Harry laughed sarcastically. “Old bitch, old whore.”

She no longer had the capacity for being insulted. She herself had begged him, let me be your bitch.

“Okay, bitch, imagine I talked in secret testimony. But imagine I mentioned only innocent people — Mady, Julie. You follow my logic? I imagined that because they were innocent, the committee wouldn’t touch them. They did touch them. They killed them. I imagined they’d only go after Communists, and for that reason I didn’t name Communists. They swore they’d only go after reds. They didn’t keep their promise. They didn’t imagine the same way I did. That’s why I went from executive session to public session and attacked McCarthy.”

(Are you now or have you ever been a member of the Communist Party?

(You’re the Communist, Senator, you’re the red agent, Moscow pays you, Senator McCarthy, you’re the best propaganda for Communism, Senator.

(Point of order! Contempt! The witness is guilty of contempt of Congress.)

“Is that why I spent a year in jail? Is that why they have no choice but to respect me and accept me as one of their own? Is that why I’m a hero? But am I also an informer? Do they imagine I informed because I believed no one could prove the unprovable, that Mady Christians or John Garfield was a Communist? Do they think I didn’t understand the logic of the persecution, which was to turn the innocent into victims? Do they imagine I named only innocents because I myself was guilty of innocence? Was it easier to terrorize the innocent rather than the culpable? Could someone say, I was or am a Communist and take the consequences honorably? Is that the logic of terror? Yes, terror is like an invisible vise that crushes you the way emphysema is suffocating me. You can’t do anything, and you end up exhausted, dead, sick, or a suicide. Terror kills the innocent with fear. It’s the inquisitor’s most powerful weapon. Tell me I was an idiot, that I wasn’t able to foresee that.”

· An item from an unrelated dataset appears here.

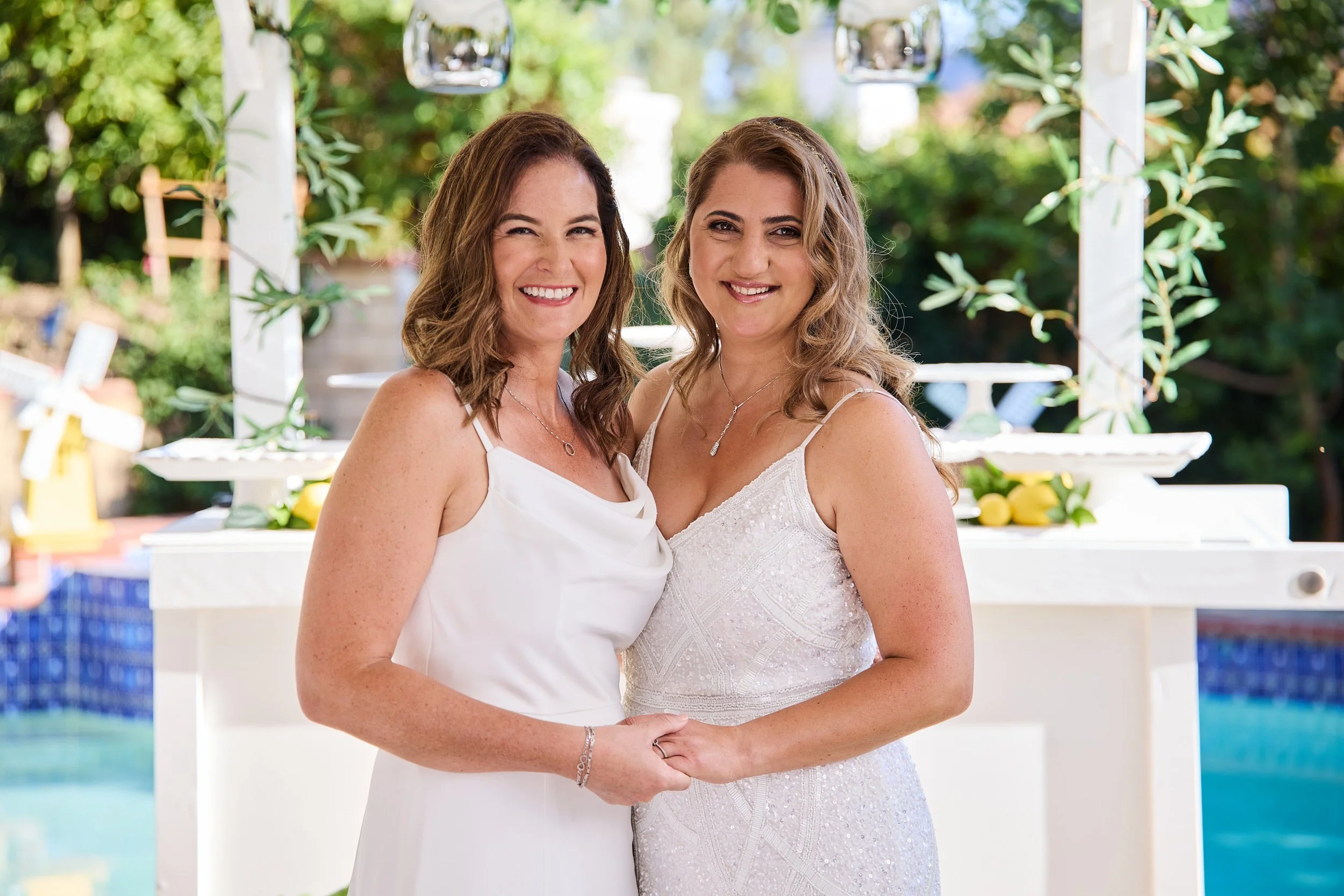 Two women in white dresses holding hands and smiling outdoors during daytime, with greenery and a decorative setup in the background.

“Why didn’t the inquisitors denounce you, why didn’t they reveal that you’d talked in secret session?”

“Because if they revealed my double game, they would also reveal their own. They would have lost an ace from their deck. They kept their mouths shut about my betrayal, they ultimately made martyrs of the people I named, which was no problem for them, because they had their list of victims prepared beforehand. An informer only confirmed publicly what they wanted to hear. Many more witnesses denounced Mady Christians and John Garfield, publicly. That’s why they said nothing about my informing. They jailed me for rebelliousness, sent me to jail, and when I got out, I had to go into exile. Either way, they defeated me, made me impossible for myself.”

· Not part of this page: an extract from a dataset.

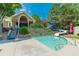Community pool with a waterslide and lounging area, providing residents with a fun and relaxing recreational space at 7085 Wakehurst Pl, Cumming, GA 30040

“Do your friends in Cuernavaca know all that?”

“I don’t know, Laura. But I suppose they do. They’re divided. For them it’s good to have me among them as a martyr, better than expelling me as an informer. But they don’t talk to me or look me in the eye.”

She begged him to leave Cuernavaca with her; both of them, alone, elsewhere, could give each other what two solitary beings can give each other, two losers, together we can be what we are what we aren’t. Let’s go before an immense void swallows us up, my love, let’s die in secret, with all our secrets, let’s go, my love.

“I swear I’ll keep my mouth shut forever.”